El presidente venezolano, Nicolás Maduro, lanzó un aluvión verbal contra el Alto Comisionado de la Oficina de Derechos Humanos de la ONU, Zeid Ra’ad Al Hussein, por sus comentarios sobre presuntas violaciones de los derechos humanos en el país latinoamericano. Maduro llamó al comisionado un «militante de la derecha fascista venezolana» y «un peón del Departamento de Estado». También lo comparó con un «tumor» que, según él, ha afligido al sistema de derechos humanos.

Zeid Ra’ad Al Hussein afirmó anteriormente haber recibido informes sobre «cientos de asesinatos extrajudiciales» que tuvieron lugar en Venezuela durante los enfrentamientos entre manifestantes de la oposición y la policía antidisturbios.

Venezuela, que solía ser uno de los países más ricos de la región debido a sus vastos recursos petroleros, se enfrenta actualmente a una grave crisis económica, con una hiperinflación que azota al país y causa escasez de alimentos y medicinas. La desesperada situación económica provocó que la gente tomara las calles protestando contra las políticas del estado. El presidente Maduro culpa a los Estados Unidos de las sanciones impuestas al país por la grave situación económica.

El secretario de Asuntos Exteriores de Filipinas, Alan Peter Cayetano, a su vez, acusó al alto comisionado de la ONU de emitir comentarios «irresponsables e irrespetuosos» sobre la salud mental del presidente Duterte.

«Filipinas hace una grave excepción a los comentarios irresponsables e irrespetuosos del Alto Comisionado de las Naciones Unidas para los Derechos Humanos que arrojan dudas sobre el Presidente de la República de Filipinas», dijo Cayetano.
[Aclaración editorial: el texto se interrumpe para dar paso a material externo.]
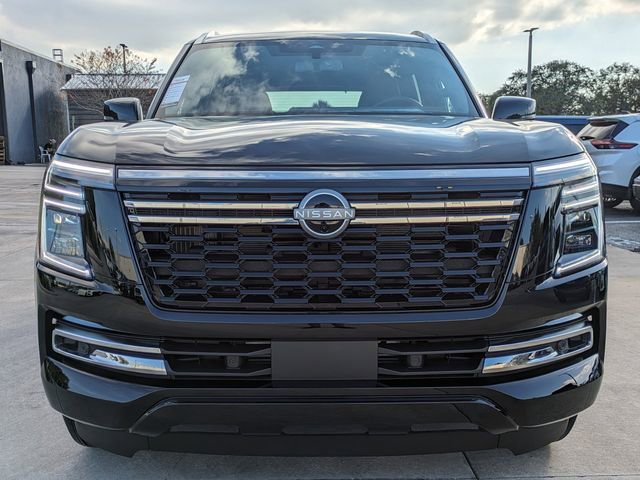 New 2026 Nissan Armada SL w/ Captain's Chari Seat Package image 3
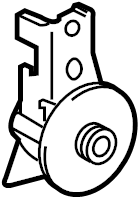 View 123710P131 Engine Mount (Rear) Full-Sized Product Image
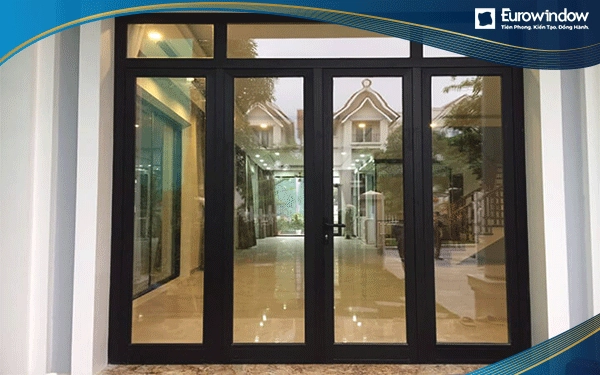 Sản phẩm cửa nhựa uPVC của thương hiệu cửa nhựa Xingfa Glass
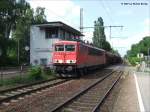 155 204-1 am alten Stellwerk Bochum Nokia.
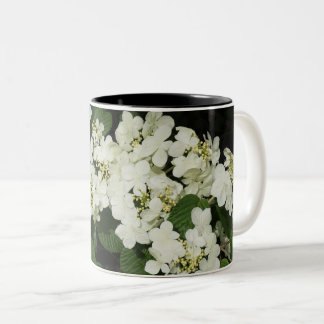 White Viburnum Två-Tonad Mugg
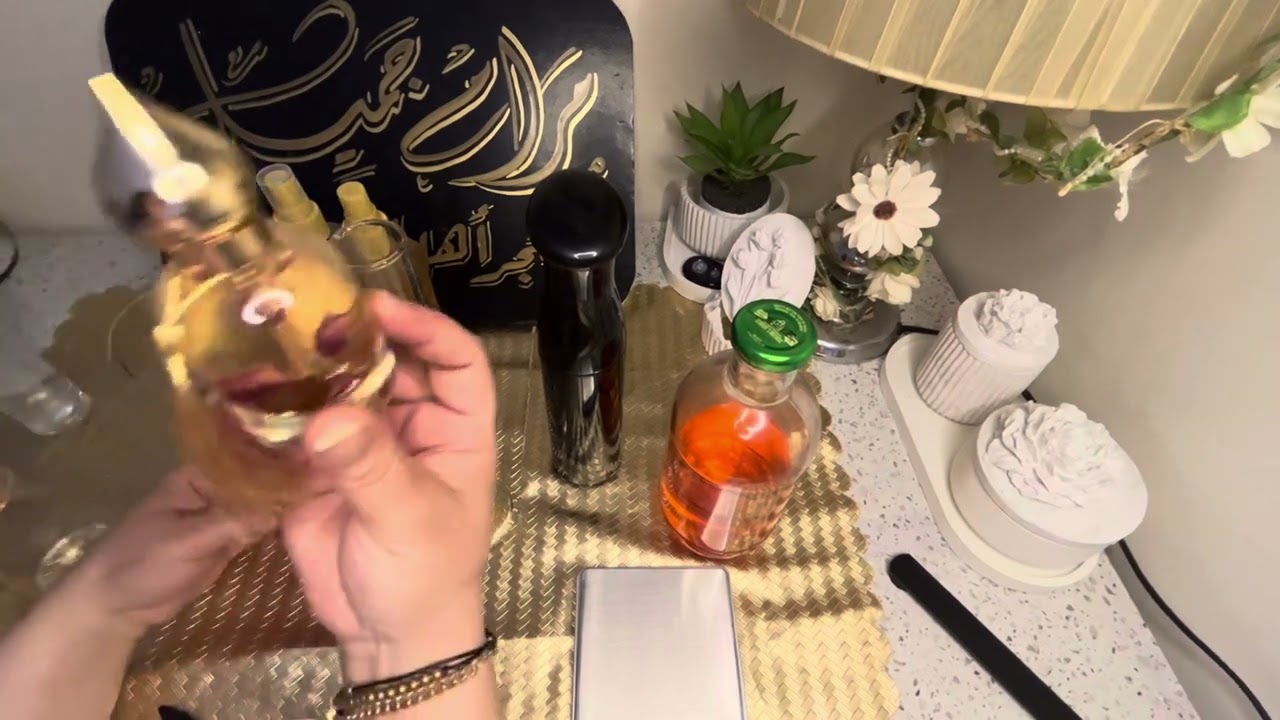 ستة خلطات عطور ومعطرات مفارش هدية السنة الجديدة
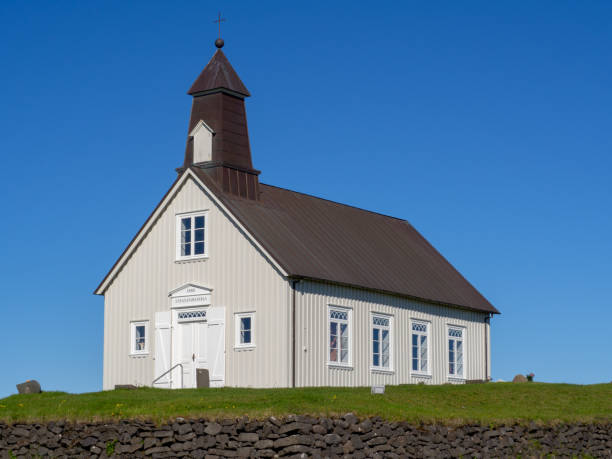 istock Strandarkirkja Iceland beach church 989301984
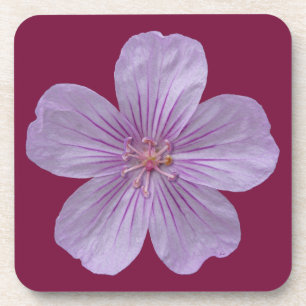 Pineywood Geranium #1 Drankjes Onderzetter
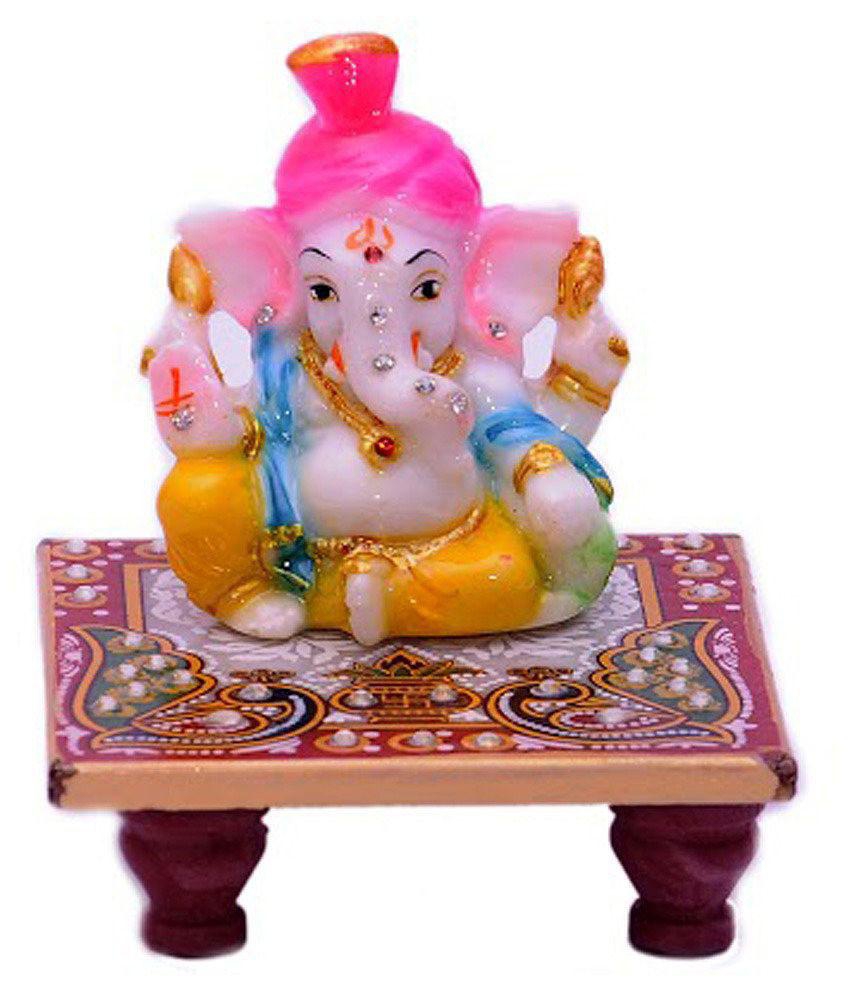 FOR U Marble Ganesha Idol x cms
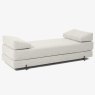 Innovation Living Lilia 3 Person Sofa/Day Bed Fabric Light Grey
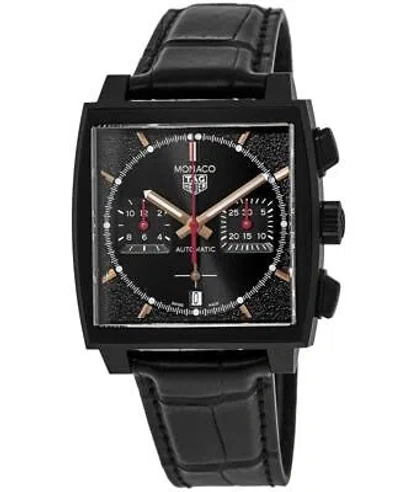 Pre-owned Tag Heuer Monaco Chronograph Special Edition Men's Watch Cbl2180.fc6497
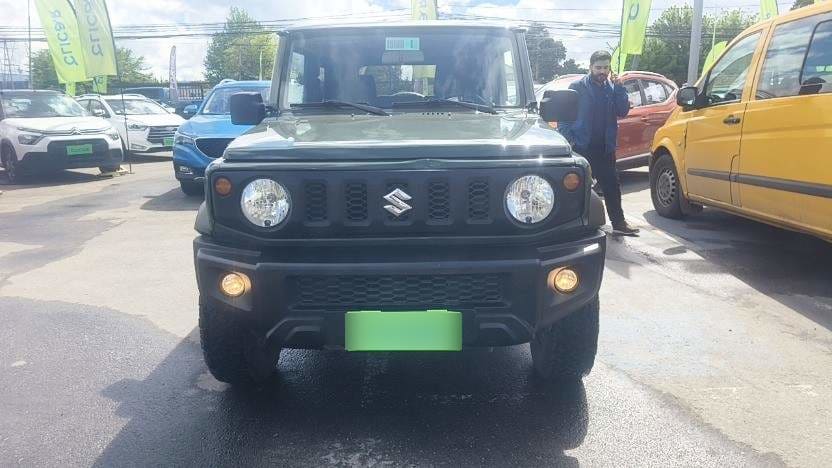 Suzuki Jimny 1.5 Gl 4x4 Mt 3p año 2022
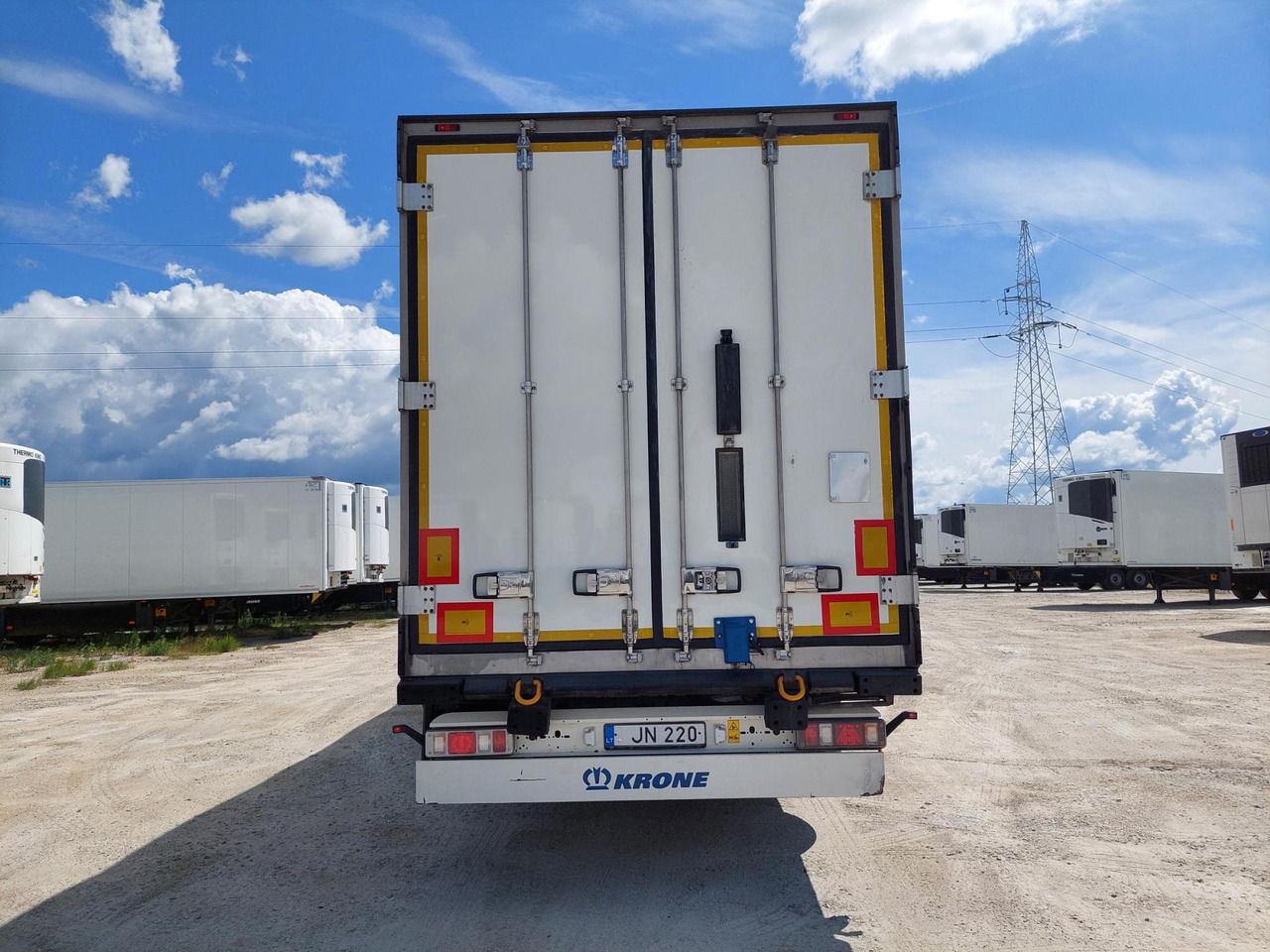 Kühlkoffer Auflieger 2018 Krone SDR Double Deck Cool Liner FP60 ThermoKing SLXi 300 Lifting Axle: das Bild 6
Advirtió al alto comisionado contra tales comentarios, ya que cuando ese «oficial de derechos humanos de alto rango […] de Estados Unidos sobrepasa su mandato» puede crear un precedente maligno para aquellos «que buscan politizar y armar los derechos humanos» para socavar gobiernos legítimos.

La reacción viene a raíz de la declaración de Zeid Ra’ad Al Hussein de que Rodrigo Duterte debería «someterse […] a una evaluación psiquiátrica», y comentó sobre las acusaciones de Manila contra los relatores especiales de la ONU.